In his excellent post “New matching engines go beyond apples and oranges”, Winfried van Holland states that traditional matching engines are based on atomic string comparison functions, like match-codes, phonetic comparison, Levenshtein string distance and n-gram comparisons. He further argues that the drawback of these functions is that it’s not always clear for what purpose one needs to utilize a particular function, and that these low-level DQ functions cannot distinguish between apples and oranges – you end up comparing family names with street names.
Good point! In essence, this is the basis of the discussion on the matching approach within customer data management: As intelligent automated matching of records distributed over various heterogeneous data sources is an essential pre-requisite for correct and adequate customer data integration, there are many opinions on how to achieve this.

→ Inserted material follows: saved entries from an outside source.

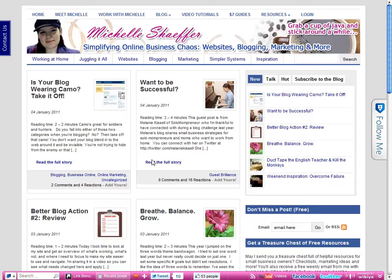Hey, it's Michelle Schaefer from michelleschaefer.com. In this video, I'm going to show you how to deactivate and delete a plugin in WordPress if you're no longer using it.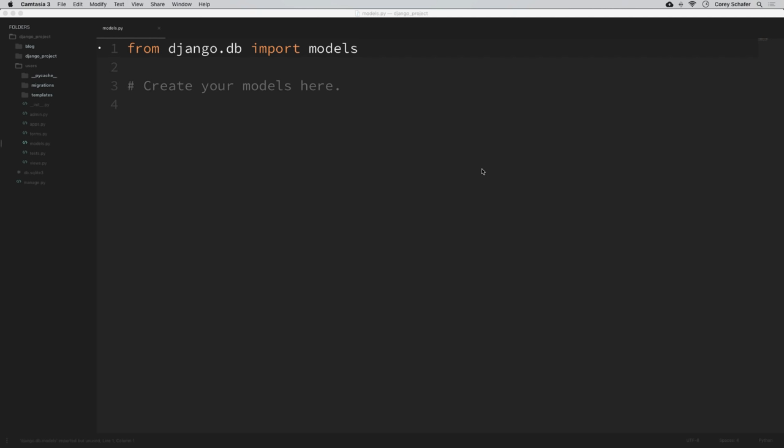Hey there, how's it going everybody? In this video, we're going to be continuing to work on our user profile page and add the ability to upload a profile picture for our users. We'll do this by extending the user model that we currently have to add more fields. And we'll also learn how to use Django signals to run specific functions after certain actions, which can be extremely useful for this type of work. So let's go ahead and get started.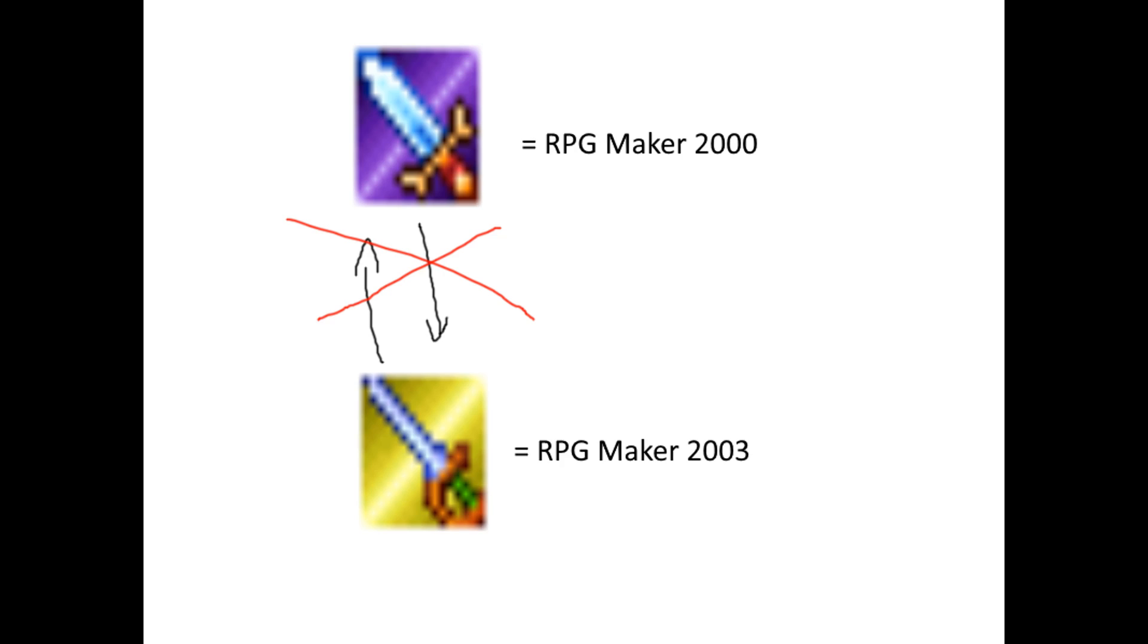Side note. Never replace an RPG2K executable with an RPG2K3 one or vice versa. This will break your game in a lot of different ways.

In theories on data matching, there are in general two methods that prevail when customer data management is concerned: deterministic and probabilistic matching.

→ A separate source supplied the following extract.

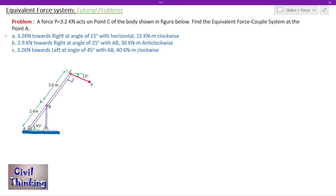Coming to the problem: a force P equals 3.2 kN acts on point C. This is the diagram and this is point C. This is the force P which is acting at point C. The magnitude of P is 3.2 kN and it is making an angle of 15 degrees with the horizontal. Now what we have to do is find the equivalent force couple system at point A.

- Deterministic matching uses, among others, country- and subject-specific knowledge, linguistic rules, such as phonetic conversion and comparison, business rules and algorithms, such as letter transposition or contextual acronym resolving to determine the degree of similarity between database records.
- Probabilistic matching uses statistical and mathematical algorithms, fuzzy logic and contextual frequency rules to assign the degree of similarity between database records. In this, patterns with regard to fault-tolerance play an important role (the matching method is able to take into account that humans make specific errors). Probabilistic matching methods usually assign the probability of a match in a percentage.

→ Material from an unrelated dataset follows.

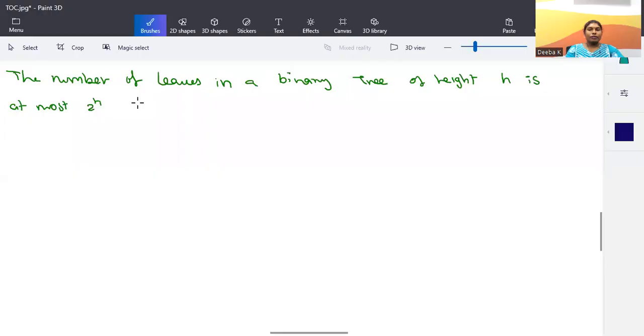Hello everyone. In this video we are going to discuss one example of proof by induction. This is regarding a binary tree structure. The problem is: the number of leaves in a binary tree of height h is at most 2 to the power h.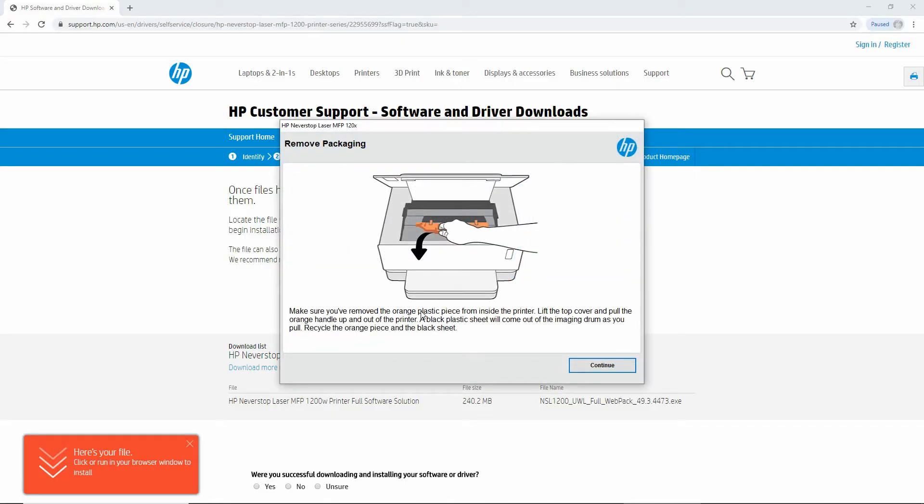Now it's going through all the initial software setup. But as this is an update for the software, you can just continue because we have already set up your printer. So let's continue.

Both methods have advantages and disadvantages, but I believe (following the train of thought in “Matching engines go beyond apples and oranges”) that the two methods should always be combined. The reason for this is actually quite simple: the better the matching engine is able to determine what is what in a particular context, the better the probability calculation of a certain match or a certain non-match. This is, in essence, the same as humans do. We determine what we know and consequently use contextual probability and pattern recognition to assign significations to the words we come across.
Combining deterministic and probabilistic matching will yield in more precise matching, with less mismatches and less missed matches. Probabilistic matching often uses weighting schemes that consider the frequency of information to calculate a score and/or ranking. The more common a particular data element is, the lighter the weight that should be used in a comparison. That is a sound and robust approach. However, assigning weighting factors on data that have been interpreted and enhanced with statistical information, will increase the matching results to a high precision level.